Assisting Hurricane Katrina victims still most rewarding experience of TROY professor’s career

Posted: Friday, 4 September 2015


TROY -- Ten years later, the memories are still vivid for Dr. Amy Spurlock, professor in Troy University’s School of Nursing.

Spurlock was teaching a public health nursing course in the fall semester in 2005, when Hurricane Katrina made landfall on the Mississippi and Louisiana coasts. Her students – seniors nearing graduation – came to her, asking what could be done to help in the aftermath of the storm. The result was a quickly organized “clinical experience of a lifetime,” which included 12 nursing students, Spurlock, faculty member Carolyn Andrews and Dr. Don Jeffrey, Dean of the college of Health and Human Services.

The team traveled to Wesley Memorial Hospital in Hattiesburg, Miss. with a collection of medical supplies in tow.

“It was shocking,” Spurlock said. “Almost everything in the news was centered on New Orleans, but if anything, Mississippi got hit harder in terms of storm damage. There was no electricity. There were shortages of everything – food, water, supplies, and prescriptions.”

When the group arrived, they found an almost surreal scene.

“The hospital was on lockdown and there were armed police guarding the entrances. There was triage being done in the parking lots. I had never seen anything like it,” Spurlock recalled. “The hospital staff was exhausted. Many had not left the hospital since before the storm hit, and they needed relief. Many didn’t know if they still had homes.”

For the weary staff, the willing group from TROY was a welcomed sight and the students were dispersed throughout the hospital to assume various duties.

“Some went to the ER, two went to the nursery, and six or seven of us went to a pediatric floor that was converted for use as a surgical unit,” Spurlock said. “When we arrived it was mass chaos, but by the time we left, things were more controlled. We were working 18 to 20 hour days for the first couple of days. The need was so great.
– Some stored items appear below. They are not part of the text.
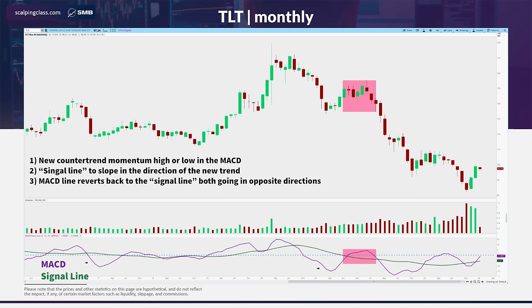Let's start with some higher timeframe examples and then get into some lower timeframe stuff after that. Here we have the TLT monthly chart, and I have the Anti pattern highlighted in pink. You can see very clearly how the MACD line, after making a new momentum low — and in the price action we get a break against the trend — the MACD line comes back up while the signal line is sloping down, going against the signal line. That's the Anti pattern in the indicator. On the price chart, we're seeing a weak pullback, basically a lower high — a consolidation where we think about a short continuation trade. And in this example, it worked.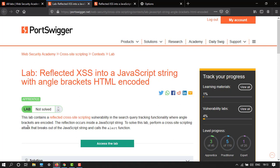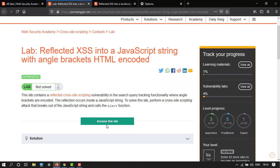A reflected cross-site scripting vulnerability in the search query tracking functionality where angle brackets are encoded. The reflection occurs inside a JavaScript string. To solve this lab, perform a cross-site scripting attack that breaks out of the JavaScript string and calls the alert function. Let's access the lab.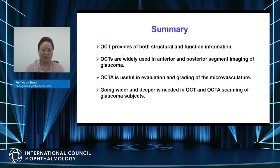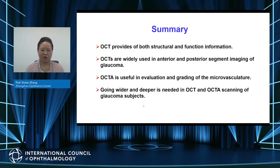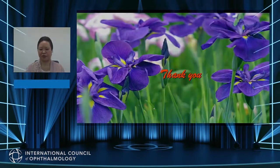In summary: OCT provides both structural and functional information and is widely used in anterior and posterior segment imaging of glaucoma. OCTA is useful for evaluation and grading of microvascular networks. Going wider and deeper is the leading direction in OCT and OCTA scanning for glaucoma. Thank you very much.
The students were basically functioning as nurses, and it was the best clinical they were ever going to have.”

Spurlock said the medical staff was extremely grateful for the assistance provided by the students, and the outpouring from the community was amazing.

“By the third or fourth day, people from the town were bringing in food that they had prepared for the workers. The community rally came together and the response was gratifying.”

Spurlock said she found the experience to be life-changing and believes the students – all who went on to pass their board exams on the first attempt – found the experience rewarding as well.

“You don’t have many opportunities in life to truly give yourself over to something for an extended period of time on a voluntary basis,” she said. “For those four or five days that we got to give without expecting anything in return, it was very gratifying. We got so much more out of it than those we were able to help in a time of need. It remains the most rewarding experience of my professional life in nursing.”